There was an increase in fasting insulin, with no change in fasting glucose, among the PI-treated patients. The hyperinsulinemia observed in our study may be a marker for the development of insulin resistance among PI-treated patients. In our study, while there was an equivalent increase in BMI in both groups, this was associated with hyperinsulinemia and insulin resistance only in patients on PI regimens. This is in accordance with previous studies that have shown a direct effect of PI on insulin resistance. Treatment with PI-containing regimens was associated with a significant increase in triglyceride levels from baseline, consistent with data from other studies. The latter was despite significantly lower baseline BMI and lesser use of d4T in the PI group. There also was a trend in reduction in HDL cholesterol.
 
We were able to obtain complete follow-up on only 50% of the original cohort.

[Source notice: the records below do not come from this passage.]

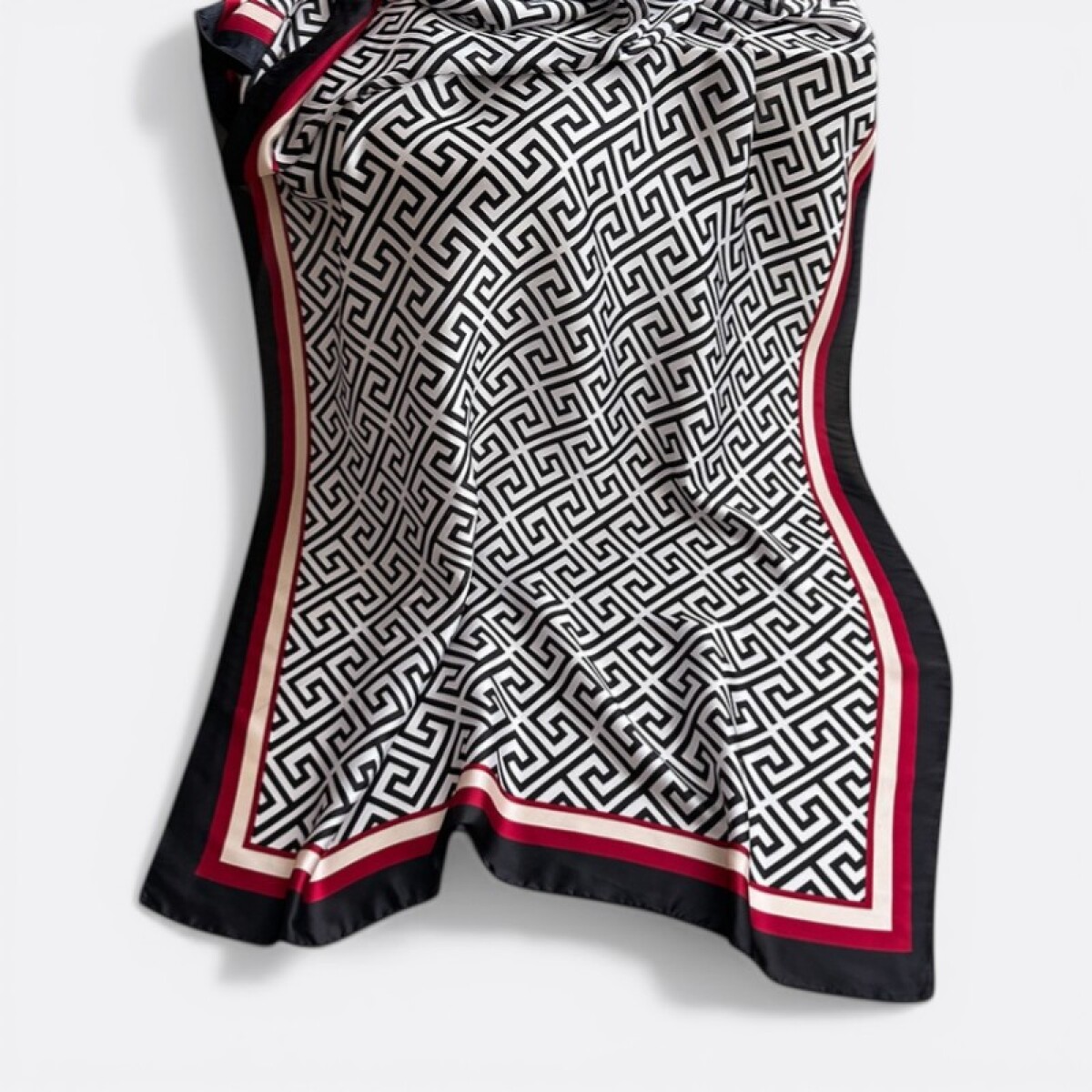 Pañuelo De Seda Grande - Modelo 2 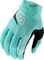 Troy Lee Designs Air Ganzfinger-Handschuhe - real teal | S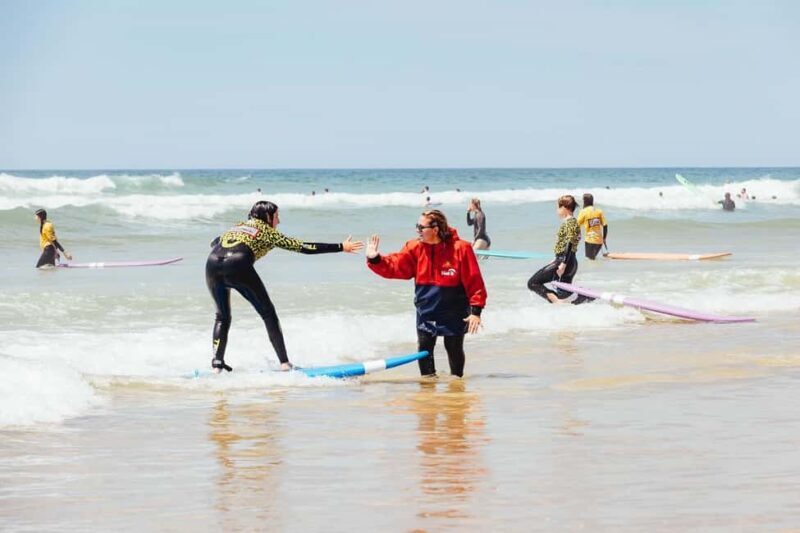 From Bordeaux: Surf & Ocean Day Trip in Lacanau - From Bordeaux: Surf & Ocean Day Trip in Lacanau — A Detailed Review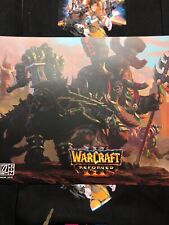 Blizzcon 2019 Warcraft 3 Reforged Print
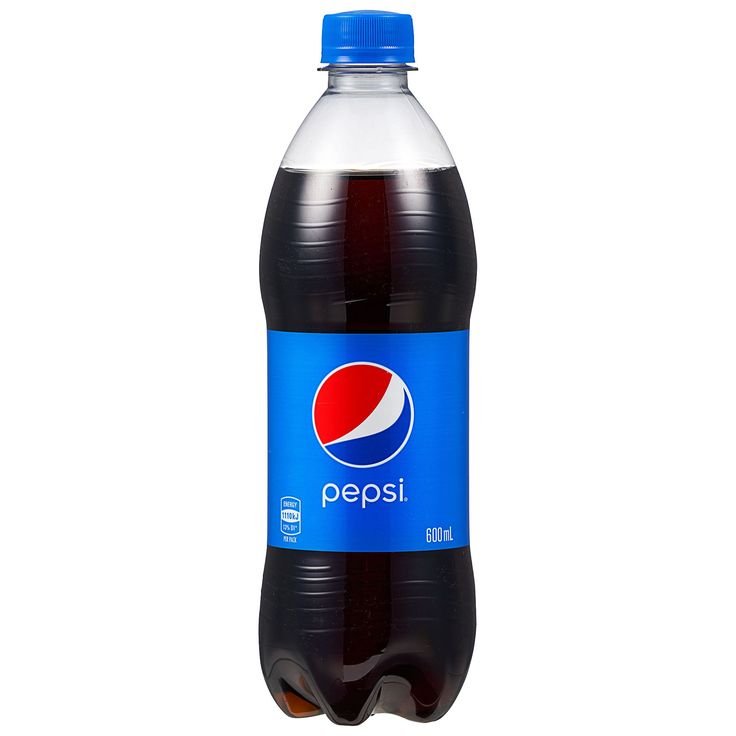 Pepsi Soft Drink (750ml)
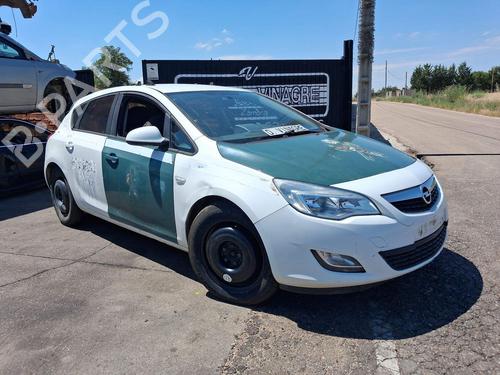 Left tailgate light OPEL ASTRA J (P10) 1.7 CDTI (68) | BP37199950C79  - Image 14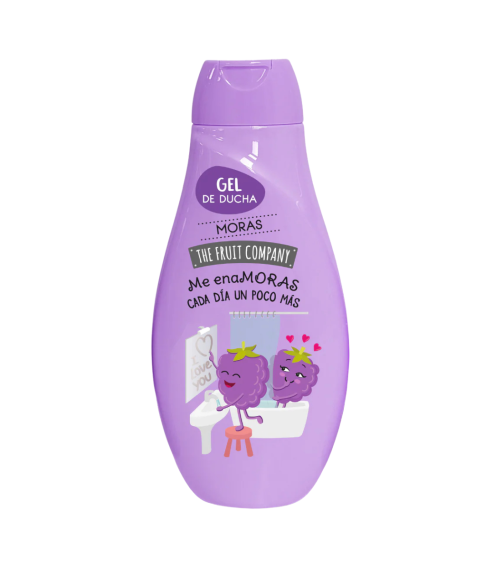 Dušigeel "Shower Gel The Fruit Company Moras"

Thus the findings of this study mainly reflect the clinical course in patients who are compliant with HAART, which yields important information on the adverse effects of these medications in general clinical practice. In conclusion, PIs appear to exert early deleterious effects on metabolic parameters related to cardiovascular risk. These findings have clinical significance for selection of HAART regimen, monitoring, and long-term implications of therapy.